**What is being asked:** The expected response is the complete listing below, restated exactly, with its pictures omitted.

**Recorded information:**
•••

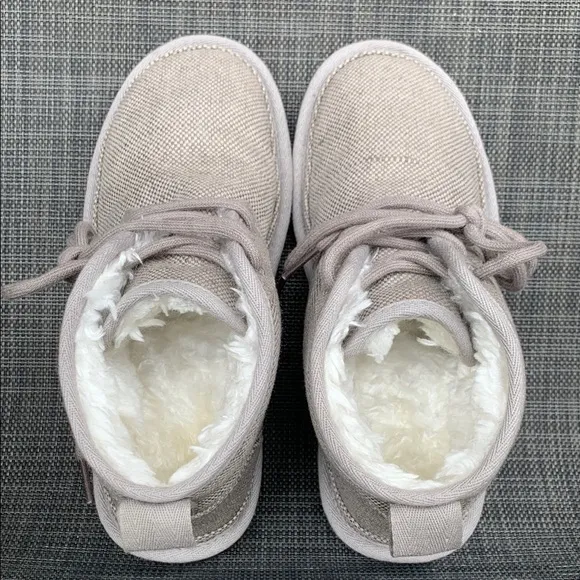 UGG Neumel Natural Cozy Plush lining Boots Women’s shoes size 6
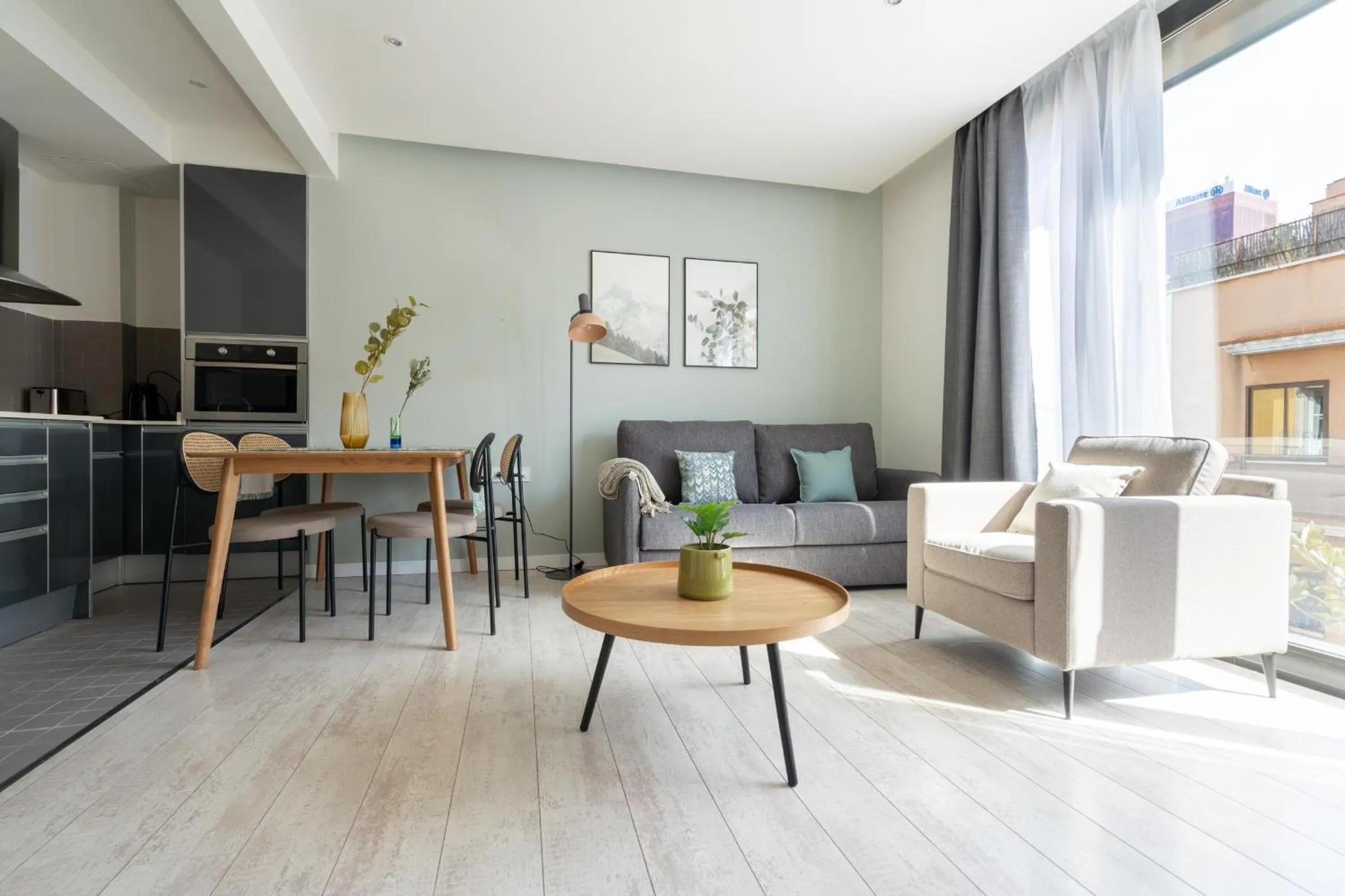 Kitchen or kitchenette in Limehome Barcelona Rector Triadó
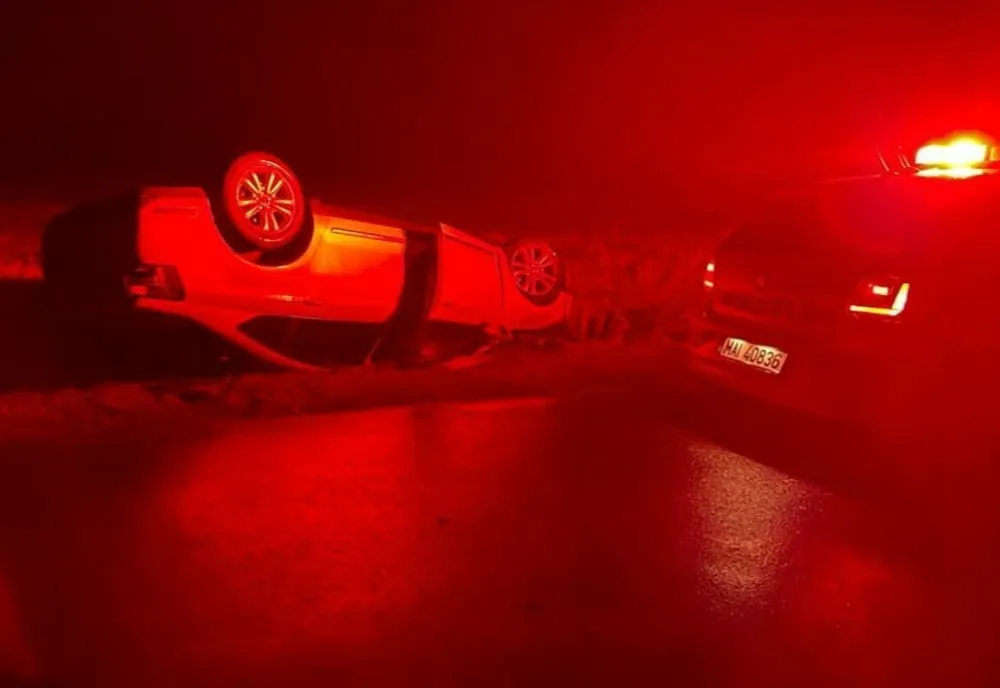Accident în Petrova! Două femei din Ucraina au fost rănite după ce s-au răsturnat cu maşina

•••

**Written answer:**
 UGG Neumel Natural Cozy Plush lining Boots Women’s shoes size 6
 Kitchen or kitchenette in Limehome Barcelona Rector Triadó
Accident în Petrova! Două femei din Ucraina au fost rănite după ce s-au răsturnat cu maşina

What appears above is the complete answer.